=== Supplied data ===

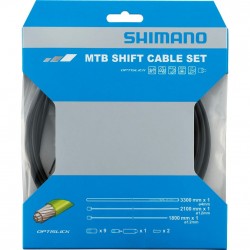 Shimano MTB gear cable set, OPTISLICK coated stainless steel inners, black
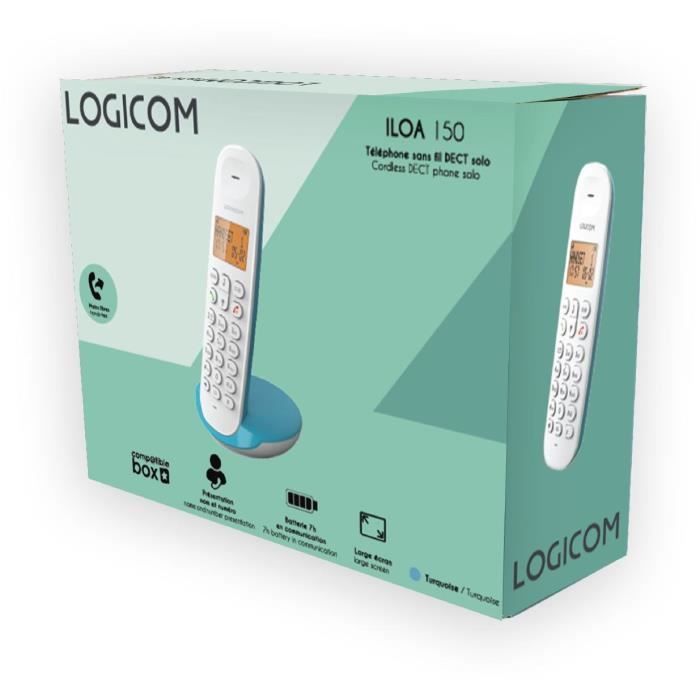 Fixed cordless telephone - LOGICOM - DECT ILOA 150 SOLO - Turquoise - Without answering machine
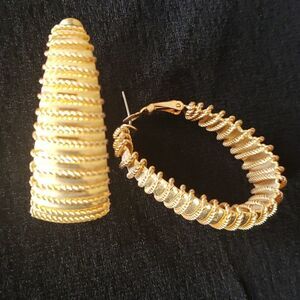 Stylish Ridged Goldtone Hoop Earrings
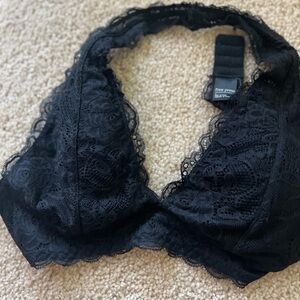 set of 2 halter lace bra bralette. black and purple bra size large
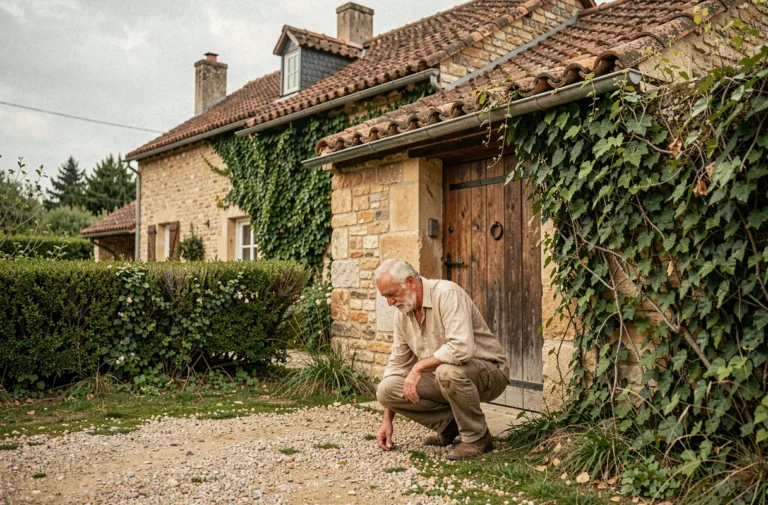 Propriétaire examinant les murs extérieurs de sa maison de campagne en pierre pour détecter des traces d'intrusion de fouine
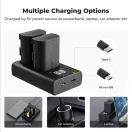 K&F Concept hordozható dupla USB-C akkumulátor LC-E6P töltő, LCD + 2db LP-E6P akkumulátor 2400mAh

===

What this task involves:
From the line that contains "set of 2 halter" to the last line of the data, print each line exactly, both ends included, and omit the pictures.

Your response:
 set of 2 halter lace bra bralette. black and purple bra size large
 Propriétaire examinant les murs extérieurs de sa maison de campagne en pierre pour détecter des traces d'intrusion de fouine
 K&F Concept hordozható dupla USB-C akkumulátor LC-E6P töltő, LCD + 2db LP-E6P akkumulátor 2400mAh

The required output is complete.